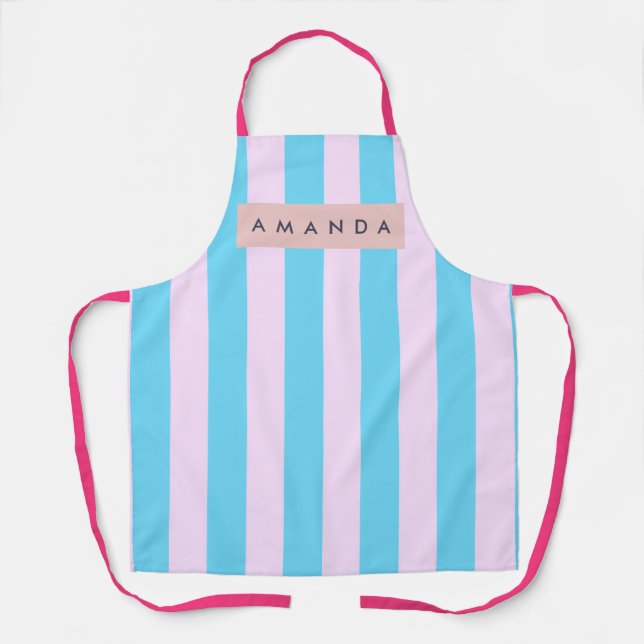 Delantal Rosa Pastel Personalizado y Rayas Azules (Anverso)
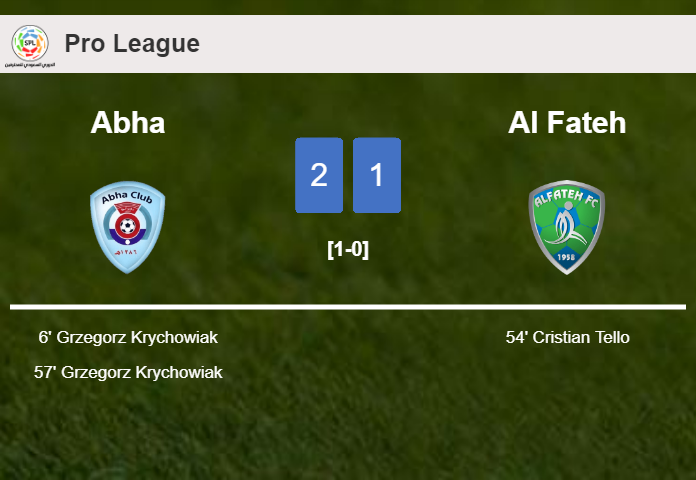 Abha beats Al Fateh 2-1 with G. Krychowiak scoring 2 goals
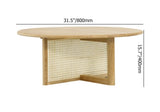 32 "Table basse rond moderne en bois et en rotin en naturel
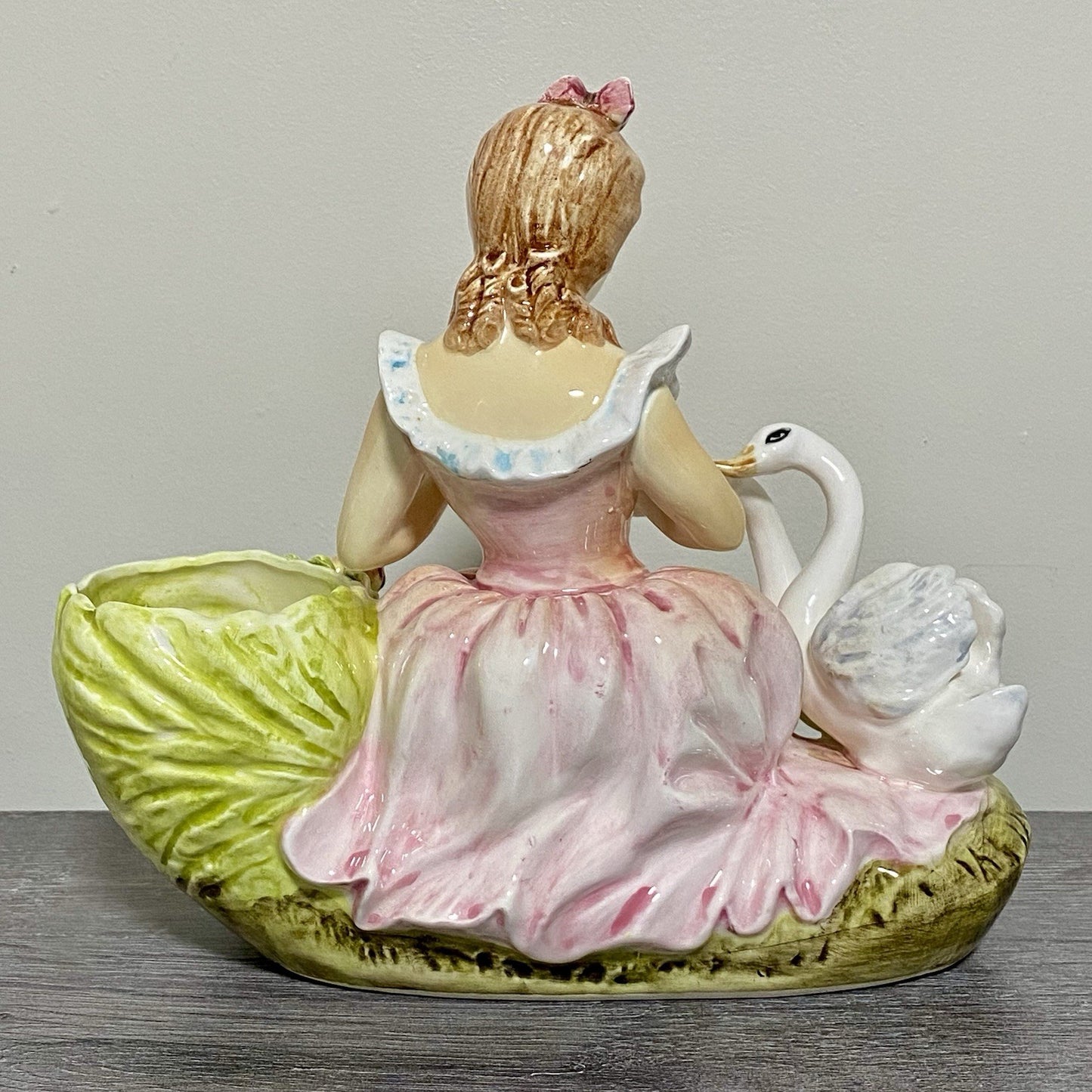 Vintage Arnart Creation Flower Planter Hand Painted Lady Feeding Swan Japan Rare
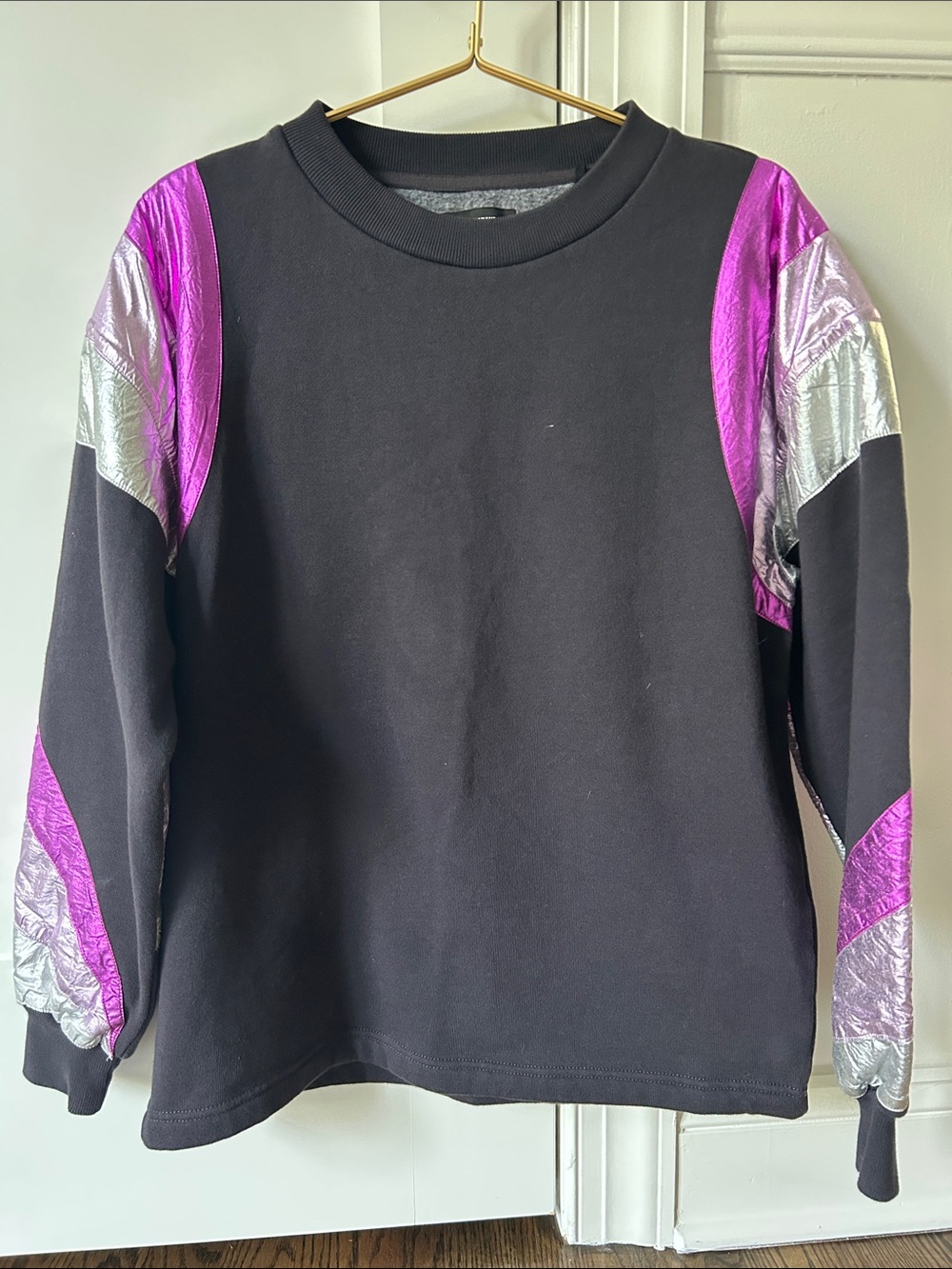 Isabel Marant Women's Metallic Accent Black Sweatshirt - Purple & Silver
--*--
→ WHAT YOU NEED TO DO
Give back the entries above exactly as they stand. Leave the images out.

→ RESULT
 Delantal Rosa Pastel Personalizado y Rayas Azules (Anverso)
 Abha beats Al Fateh 2-1 with G. Krychowiak scoring 2 goals
 32 "Table basse rond moderne en bois et en rotin en naturel
 Vintage Arnart Creation Flower Planter Hand Painted Lady Feeding Swan Japan Rare
 Isabel Marant Women's Metallic Accent Black Sweatshirt - Purple & Silver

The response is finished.